A Nottinghamshire artist has found a unique way of remembering those who served, and those who continue to do so. Michael Noble takes a look.
Joy Pitts is a multiple award-winning contemporary artist based in Nottinghamshire. She works primarily with garments, which she sees as expressive of our individual identity and way of life. Her work assembles these individual identities into a shared whole that represents the collection of individualities that we call society.
This concept has a natural mirror in the idea of war memorials that place individual names in a shared space. One of Joy’s current projects reflects this by seeking to gather individually-sewn names of servicemen and women and present them as a single art work on canvas that will depict a pair of military boots. The Military Boots project is a collaborative effort being undertaken as part of Nottinghamshire’s Trent to Trenches programme.
Joy would like to invite you to contribute to this project by stitching the name of those in your family past or present who have served or are serving in the Armed Forces onto a strip of cotton tape for her to add to the art work. She will provide the materials, you just need to provide the names and a little bit of your time.
Joy says ‘during World War One it was common for both men and women to sew; repairing clothing at home and in the trenches, embroidering messages to send to loved ones and sewing bandages. This project recalls these activities and invites you to make your own hand made acknowledgement to those who serve.’
If you are interested in taking part, you can contact Joy directly here to request a stitch pack.
Trent to Trenches is the official commemorative project of Nottingham City and County. Michael Noble paid a visit to see how the first ‘global war’ remained steadfastly local.
Whether by sending its young men off to fight on land, sea and air, by contributing materially to the war effort or by banding together as the costs of the conflict grew, every corner of the country was affected in some way by the First World War. The local impact of the war remains a powerful one and is central to the Trent to Trenches project in Nottingham.
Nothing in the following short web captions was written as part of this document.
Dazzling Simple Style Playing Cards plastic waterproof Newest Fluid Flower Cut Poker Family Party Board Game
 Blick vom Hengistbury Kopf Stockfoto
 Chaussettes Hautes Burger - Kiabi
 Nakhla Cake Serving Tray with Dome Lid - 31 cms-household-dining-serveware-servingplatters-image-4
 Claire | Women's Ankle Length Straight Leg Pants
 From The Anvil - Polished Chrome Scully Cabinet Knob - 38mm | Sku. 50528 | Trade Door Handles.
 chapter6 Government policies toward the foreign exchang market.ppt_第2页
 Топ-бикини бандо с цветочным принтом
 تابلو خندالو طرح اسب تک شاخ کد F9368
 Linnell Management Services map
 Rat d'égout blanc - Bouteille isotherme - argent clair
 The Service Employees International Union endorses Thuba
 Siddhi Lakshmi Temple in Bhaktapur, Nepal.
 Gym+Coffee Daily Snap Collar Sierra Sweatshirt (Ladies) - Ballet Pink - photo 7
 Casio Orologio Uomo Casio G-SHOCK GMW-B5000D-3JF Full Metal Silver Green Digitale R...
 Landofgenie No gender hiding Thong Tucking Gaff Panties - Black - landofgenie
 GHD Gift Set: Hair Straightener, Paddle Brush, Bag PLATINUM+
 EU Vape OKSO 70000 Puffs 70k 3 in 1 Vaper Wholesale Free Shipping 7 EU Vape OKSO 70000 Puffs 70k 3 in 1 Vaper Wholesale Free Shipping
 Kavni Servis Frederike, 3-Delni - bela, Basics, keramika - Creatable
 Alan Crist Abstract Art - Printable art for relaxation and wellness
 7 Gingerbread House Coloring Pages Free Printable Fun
The central exhibition, based at Nottingham Castle, weaves the local seamlessly through a series of objects and stories that nonetheless reflect the global nature of the war. A detailed timeline, painted onto the walls, matches events in Nottinghamshire with those that took place around the world. As visitors progress through the displays (a skilful blend of the chronological and the thematic) materials such as uniforms, letters, diaries and photographs, many of which were kindly loaned by local people, emphasise the ‘Nottingham-ness’ of the war. A lace panel, reflective of one of the town’s traditional trades, portrays British, French and Belgian soldiers as they would have appeared at the start of the war. A huge Union Jack dominates one wall. Its origin? HMS Nottingham, the light cruiser that was sunk by a U-boat in 1916.
The Nottingham had recently taken part in the Battle of Jutland, which was not the only major engagement that had a local angle. During the Battle of the Somme, the Sherwood Foresters were deployed at Gommecourt, towards the northern end of the line. Their role was a diversionary one, intended to draw German attention away from the main assault further south. The exhibition tells the story through an emotionally affecting film which cleverly uses local information to make it familiar: the territorial gain was ‘the distance from Nottingham Castle to Radcliffe-on-Trent’. Doing that in the East Midlands would cost you about two hours on foot. In France on the 1st July 1916 it cost the Sherwood Foresters 424 officers and men.
Further familiarity is found in the personal. You can see Nottingham schoolboy Raymond Pegg’s beautifully illustrated diary in which he commented on the development of the war with the eager pupil’s eye for details of flags and military equipment. The diary, in Raymond’s well-drilled handwriting, is accompanied by photographs of the lad as he would have appeared in between making entries and is a fascinating insight into the mental world of a young civilian at the time.
Flying Ace Albert Ball, a local and national hero, is given a section to himself, with photographs, clothing and other items of interest including his personal weapons. Ball, the son of a wealthy Nottingham businessman, was born on Lenton Boulevard in 1896 and fostered an early interest in engineering which led him to pursue a wartime career in the air. As with so many early airmen, this career was a painfully short one, which ended in 1917 in a crash at Douai in France, but it was a successful one and Ball was the most successful British airman at the time of his death. The ‘Wonder-Boy of the Flying Corps’, his exploits were celebrated internationally, and even acknowledged by Manfred von Richthoffen, the ‘Red Baron’, who described him as ‘the best English flying man’. For all this celebrity, the most resonant aspect of the Ball exhibit is the local and personal -his signature on his flying certificate, the images of his family or the photograph of him as a toddler at home in Nottingham, a local lad from the very beginning.
The Trent to Trenches exhibition is at Nottingham castle from Saturday 26th July – Sunday 16th November 2014.